Lourdes, colega de trabalho, voltou de férias da Europa, viagem dividida em quinze meses. Mostrou-me um aparelhinho de última geração comprado numa loja em Londres. Ao contrário da dona da bolsa de couro gigante com flores gigantes, ela nada ostenta em excesso. É professora pública, tipo classe média baixa. O aparelhinho é um e-book. Pedi para ver alguns livros que havia baixado. Todos de Paulo Coelho e algumas biografias de celebridades do mundo dos espíritos e da autoajuda. Compreendi então o sentido da bolsa gigante. Era o mesmo sentido dado àquele minúsculo aparelho eletrônico: ambos significavam a posse da “leveza da pluma”.
Aqueles dois símbolos contemporâneos, a bolsa gigante de couro com suas flores gigantes e o minúsculo e-book, representavam tão somente velhas criações travestidas de novo que se acredita pós alguma coisa que se acha vanguarda. As duas situações faziam parte da propalada democracia dos bens sociais, da informação, do conhecimento, das artes e da imagem. No entanto, havia nesse meio, escondida, elitizada e exclusiva de uns poucos, uma terceira forma de percepção, de criação, de uso e assimilação.

Aqui, como em todos os tempos, apesar do esforço da militância socialista na defesa da igualdade entre os homens, devemos lembrar da hierarquia, da exclusão, da seleção, do filtro no mundo da informação, do conhecimento e das artes. A terceira forma é aquela que tem conhecimento do que é mito e do que é real. Uma minoria que conhece o substrato do poder e por isso usa critérios a respeito de como usar os meios de informação, sabe diferenciar conhecimento de informação, autenticidade de mistificação. Enxerga além das inovações tecnológicas, as quais são realmente neutras, não uma revolução humana, uma nova cultura, mas fórmulas surradas, preconceituosas e secularmente usadas para dominar e submeter.

É uma elite, no sentido social do termo, quem decodifica os signos, quem compreende a superficialidade do jogo planejado e executado em nome da maioria. Basta ver o que a Internet divulga em dezenas, centenas de sites. Basta ler os jornais diários, ver televisão e uma grande parcela dos blogs para descobrir que o veículo é uma rede maravilhosa na aproximação real e instantânea com o distante, contudo, a mensagem ainda continua refém da mesma roupagem viciosa e medíocre.
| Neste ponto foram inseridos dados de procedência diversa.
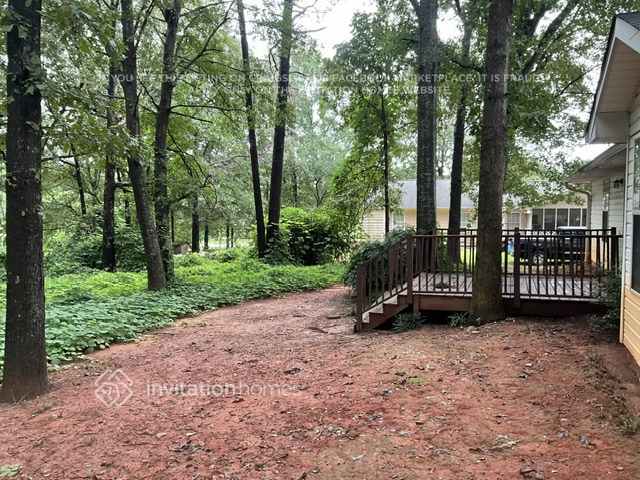 Building Photo - 225 Woodcrest Dr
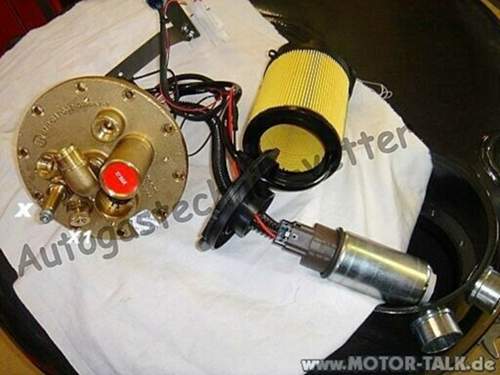 Pumpe-mit-filter-u-gehaeuse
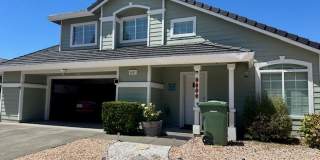 Gorgeous 4 bedroom home available in Windsor now! Gallery 1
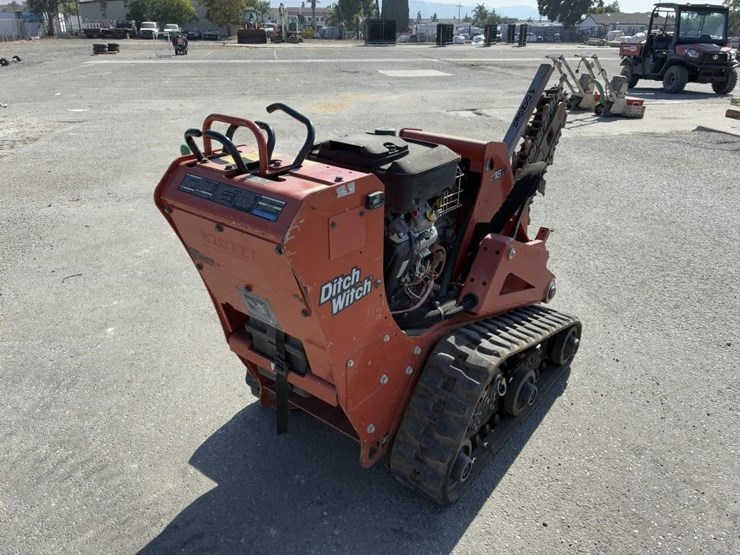 2017-ditch-witch-c16x-image-3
Um exemplo desse simulacro com aparência de verdade é a onda de boatos e patrulhamentos sobre uma variedade de assuntos que, se houvesse realmente cultura da informação, os responsáveis pelos meios já teriam minimizado seus efeitos negativos. Mas o que se vê ainda são páginas de sangue e perversões migrando do jornal impresso e da tela da TV para o clic digital. Isto é, mudamos de veículo, entretanto, a mensagem continua a mesma para aqueles não mais carentes financeiramente, mas carentes de simbologia cognitiva.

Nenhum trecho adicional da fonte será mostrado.